So, jetzt muss es schnell gehen. Eben rief mich ein langjähriger Freund an. Er habe zu viele Punkte in der Flensburger Datenverkehrssünderdatei gehabt, sagte er, daher sei er gesperrt worden: neun Monate kein Internet. Er brauche Hilfe.
Ich habe ihn gar nicht erst nach den Gründen gefragt. Manchmal ist er etwas aufbrausend und vergreift sich dann in der Wortwahl, aber ansonsten ein anständiger Kerl. Naja, zumindest verstehe ich jetzt, warum ich so ungewöhnlich lange nichts von ihm gelesen habe, weder per Mail noch auf seinen Plattformen. OK, er tauchte öfter mal für ein paar selbstverordnete Webstinenz-Wochen ab. Aber ‘n halbes Jahr ohne Surfualverkehr, das war offenbar zu lange, deswegen sein Notruf – dachte ich jedenfalls.
Und das alles wegen dieses neuen Datenstraßenverkehrgesetzes (DaStvG), das die Koalition noch kurz vor ihrem Zerfall durch‘s Parlament boxte.
Mitten in die Diskussionen, Proteste und Auseinandersetzungen zu ACTA, Urheberrecht, Netzgemeinden, Leistungsschutz und Vorratsdatenspeicherung platzte diese überraschende Gesetzesinitiative, um dem Telemediengesetz (TMG), dem Bundesdatenschutzgesetz (BDSG) und dem Gesetz über Urheberrecht und verwandte Schutzrechte (UrhG) quasi ein „Metagesetz“ überzustülpen – um nur die drei wichtigsten „betroffenen“ Gesetze zu nennen.
Die Idee, Internet und digitale Kommunikation als dem Straßenverkehr ähnlich zu betrachten, geht an sich zurück auf Alt-Bundeskanzler Kohl, zu dessen Zeit die Netze als „Datenautobahnen“ galten und er dafür einst die Verkehrsministerien von Bund und Ländern für zuständig hielt. Zu einem auswegweisenden Konzept baute dies dann eine fraktionsübergreifende Gruppe von bis dahin unauffälligen Abgeordneten aus, allesamt Verkehrsexperten, einer war wohl vormaliger ADAC-Lobbyist.
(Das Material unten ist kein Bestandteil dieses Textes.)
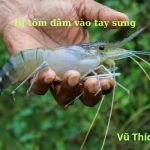 Bị tôm đâm vào tay sưng có sao không? Cách xử lý đúng và hiệu quả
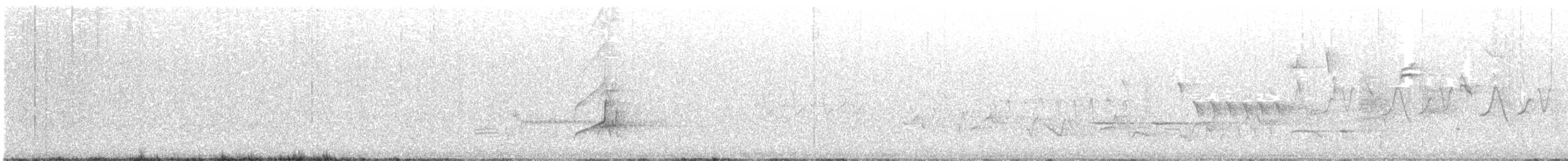 Sarı Karınlı Sinekkapan - ML240171711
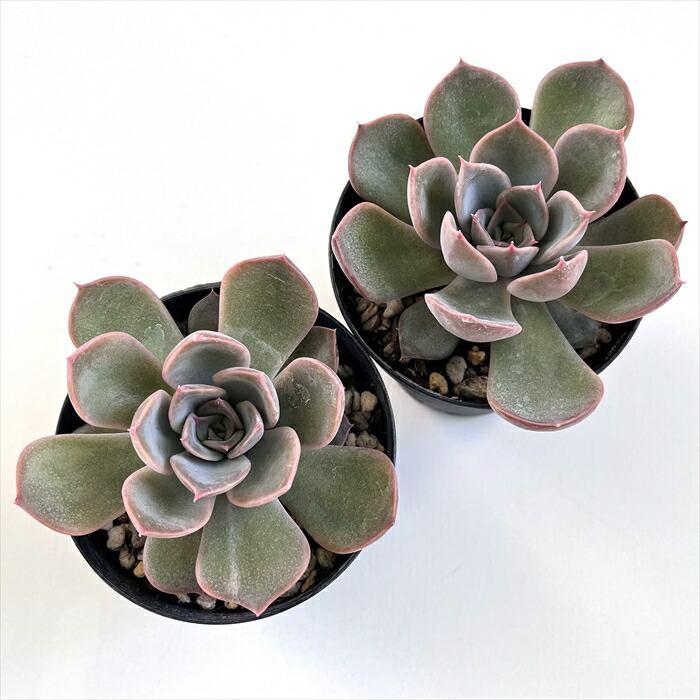 楽天市場】多肉植物 skエケベリア リンゼアナ×ルシンダ 多肉植物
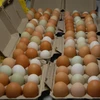 Best Quality Fresh Chicken Table Egg(Brown/white eggs) Available at Cheap Price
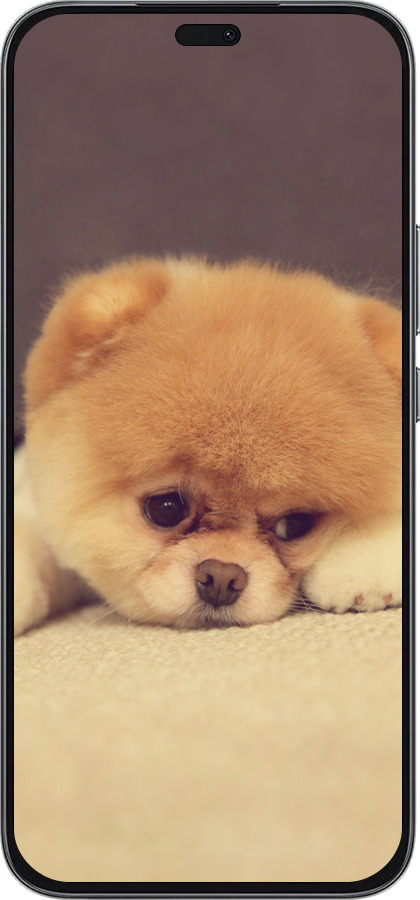 Силиконовый чехол Boo 2 для Huawei Honor 400 Lite 5G - 890u-3993 изображение 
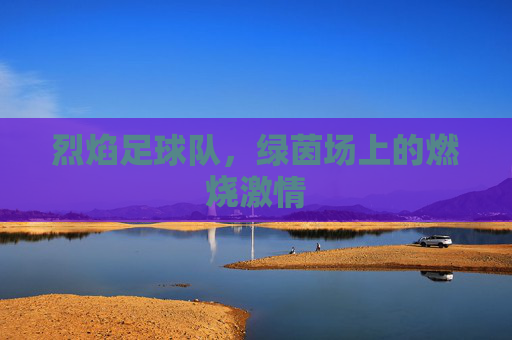烈焰足球队,绿茵场上的燃烧激情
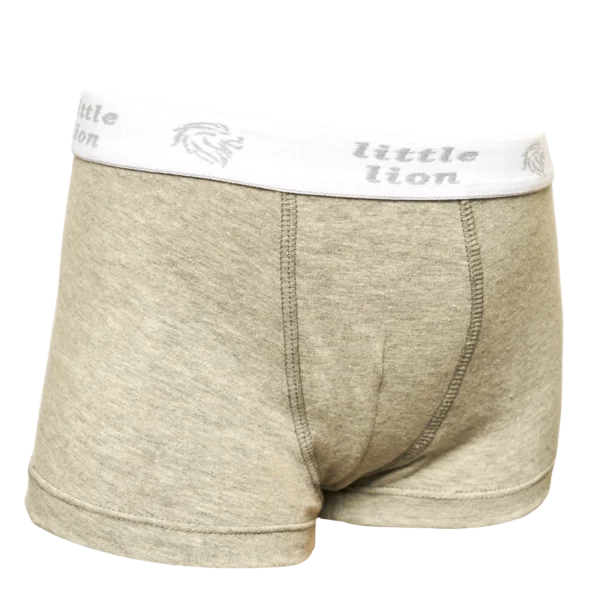Boxer enfant en Cotton Gris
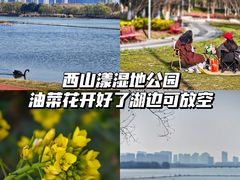 -西山漾湿地公园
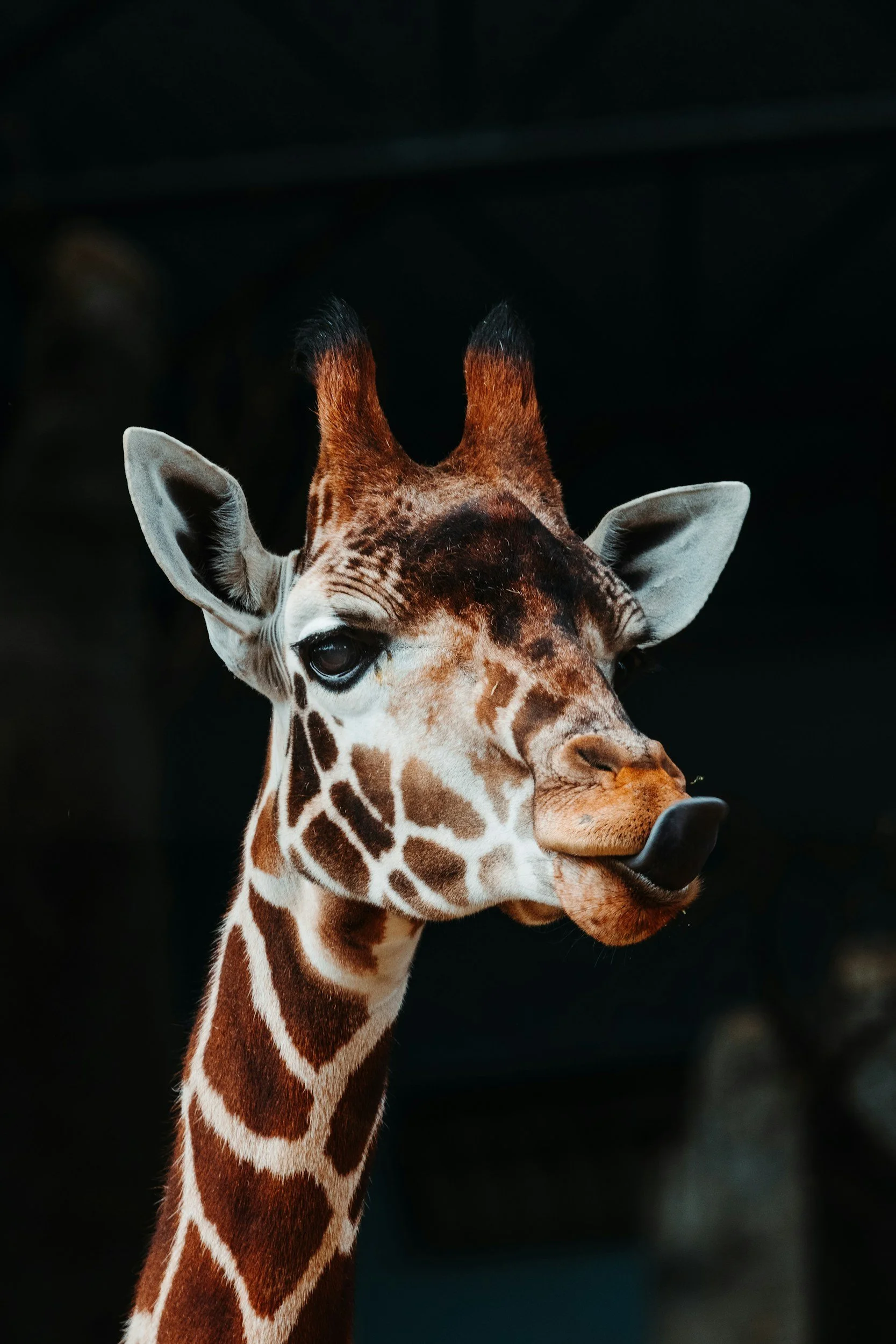 Ibama determina que girafas importadas pelo Bioparque do Rio sejam repatriadas para continente africano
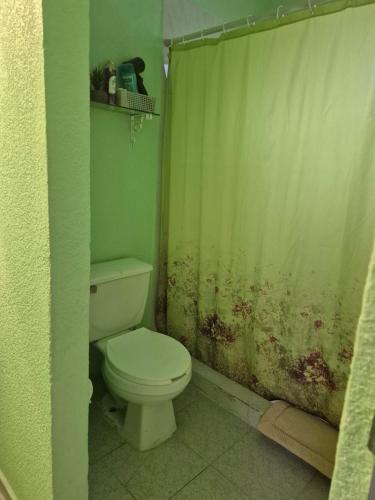 a bathroom with a toilet and a green shower curtain at Casa de los Sauces in Toluca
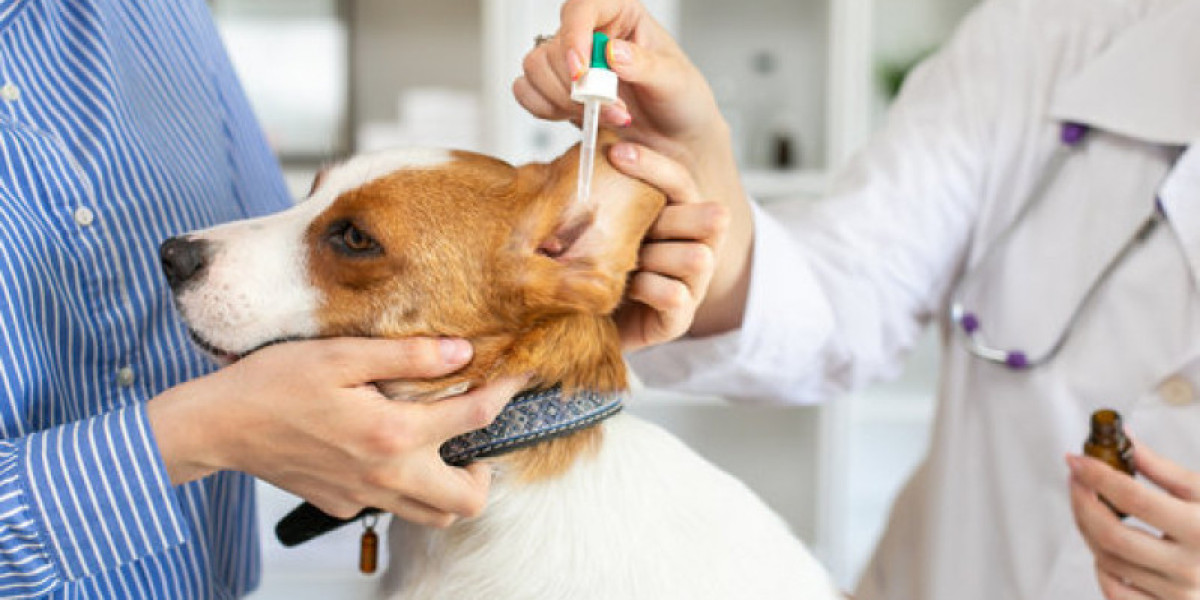 Blood Tests for Dogs: Costs, Types, & Important Dog Tests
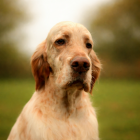 Head study at 3 years old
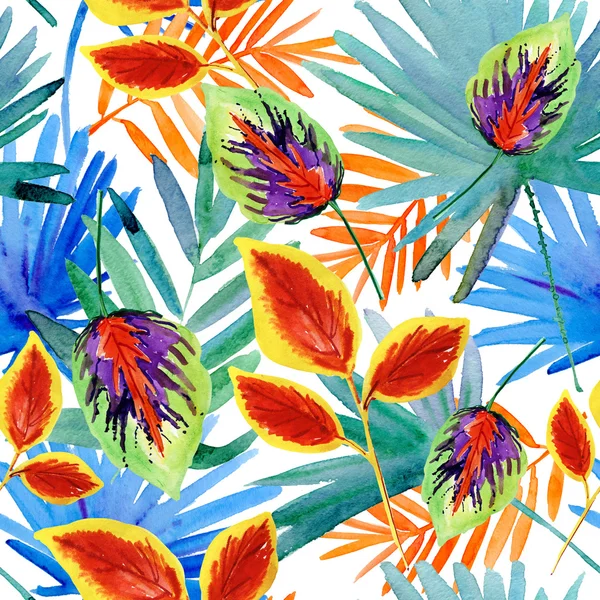 Akvarel tropické listy. — Stock fotografie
Diese 9 Jungs hatte nun wirklich kein Watchblog auf der ToDo-Liste.
Überhaupt wähnten sich die Netzgemeinden seinerzeit in Siegesgewissheit. Die „Kauderstrikes“ waren vom Tisch: diese plump platzierte Nachahmung des 2009 in Frankreich in Kraft getretenen HADOPI-Gesetzes fand hierzulande keine Mehrheit. Eine dreistufige Abmahnfolge von E-Mail, Brief und Vorladung vor den Richter, der eine Internetsperre verhängen kann, die galt vielen als zu radikal, sie klang nach digitaler Guillotine, mon dieu. Auch im nachfolgenden Kulturkampf („Heveling-Wochen“) konnten die Meinungspastoren aller Netzkonfessionen ihre Deutungshoheitsgebiete – von Internetfreiheit bis Datenselbstbestimmung – erfolgreich verteidigen. Naja, vielleicht mal abgesehen vom Aufruf der sogenannten Deutschen Content Allianz an die Bundesregierung, den umstrittenen ACTA-Vertrag zu ratifizieren. Da verlor so mancher TwittBlogPostler den Überblick, ob er nun primär Urheber, Verwerter oder Nutzer ist – und welche Rolle er dabei einnehmen oder stärken oder neu definieren soll; das waren zähe Selbstfindungsdiskurse.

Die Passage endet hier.